Zu Rilkes berühmtem Sonett auf den „archaischen Torso Apollos“ (der den Betrachter herausfordernd anblickt und durchschaut) hatte Rosenlöcher in seinem kleinen Rilke-Essay vermerkt: der habe ihm sein „Du mußt dein Leben ändern“ umsonst vorgehalten. Aber im Gedichtwerk Rosenlöchers finden sich zahlreiche parodistische Anklänge an dieses Motiv. Die Ich-Figur wird häufig auf vieldeutig-vielbedeutende Weise angeschaut. So im früheren Band von jenem rührigen Liebespaar.

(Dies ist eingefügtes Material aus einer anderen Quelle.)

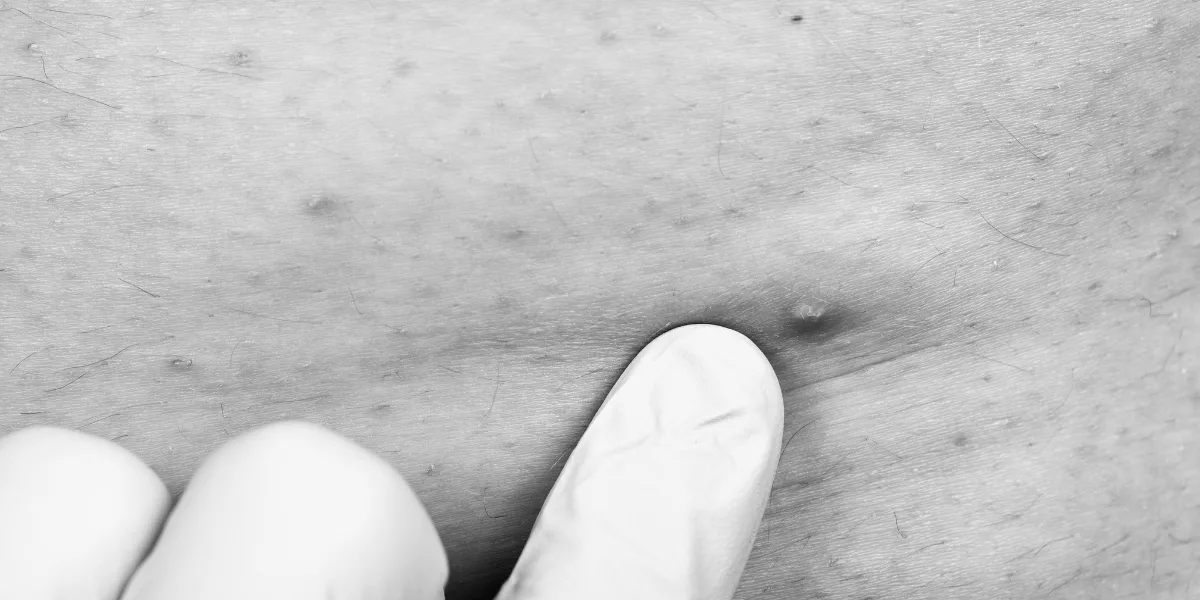 No momento, você está visualizando Foliculite no esporte: como evitar e tratar a inflamação dos folículos pilosos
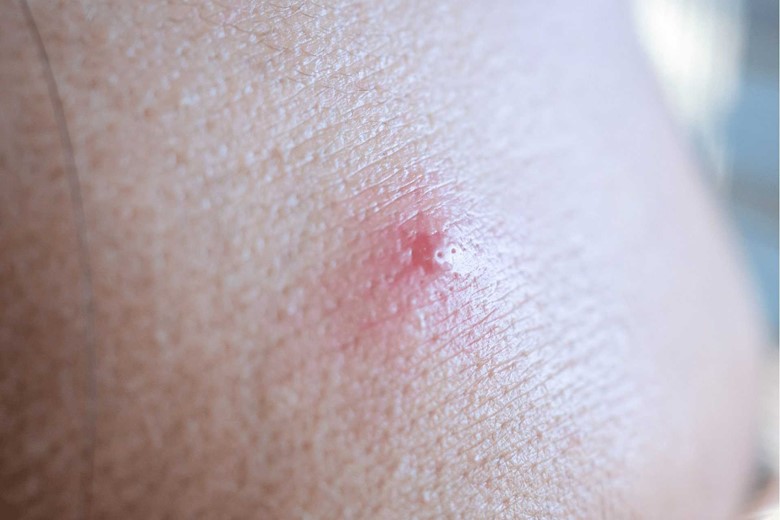 Inflammatory acne on skin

Neuerlich von elf Katzen („Kaum, daß ich in den Hof trat“), einer holländischen Frau mit riesiger Katze („Der Paßgänger“), der Natur in Gestalt eines Igels („In wirrer Nacht“), einem gespenstigen „Aufsteigenden“ oder den Toten Altägyptens…
Ein Sonderfall, der Anschauen und Augeschautwerden vereint: wenn sich das Ich im Spiegel betrachtet. „Fenster im Spiegel“, „Das Mahl“ („Ich erkannte / mich kaum und äußerst ungern…“), „Dreißigstes Jahr“ im früheren Band, „Vierzigstes Jahr“ in der Sammlung Schneebier nutzen solche Konfrontation. Die drei letztgenannten sind Sonette – und oft genug in der Lyriktradition wurden Sonette von ihren Autoren zur Selbstbespiegelung und Selbstprüfung verwendet. Rosenlöcher parodiert diesen Vorgang. Im „vierzigsten Jahr“ skizziert er sein Gegenüber mit wenigen groben Umrißlinien (einer mit Bart und Bauch, feistzufriedenem Antlitz). Das Ich, verstört und provoziert durch den Anblick seines selbstgewissen Antipoden, speit dem Spiegelbild, also gleichsam sich selber, ins Gesicht. Und wendet sich nun erheitert ab; das Spiegelbild jedoch nickt weiter. Das kann heißen: das Rollen-Ich läßt sich nicht in einem einzigen Akt der Wandlung abtun (so Jürgen Engler in seiner subtilen Lesart; siehe NDL, Heft 6/1989). Aber auch: das Spiegel-Ich nimmt den Speienden nicht allzu ernst, es weiß, der wird ebenfalls weiternicken. Oder: das Spiegelbild nickt zu allem, auch zu seiner eigenen Verurteilung.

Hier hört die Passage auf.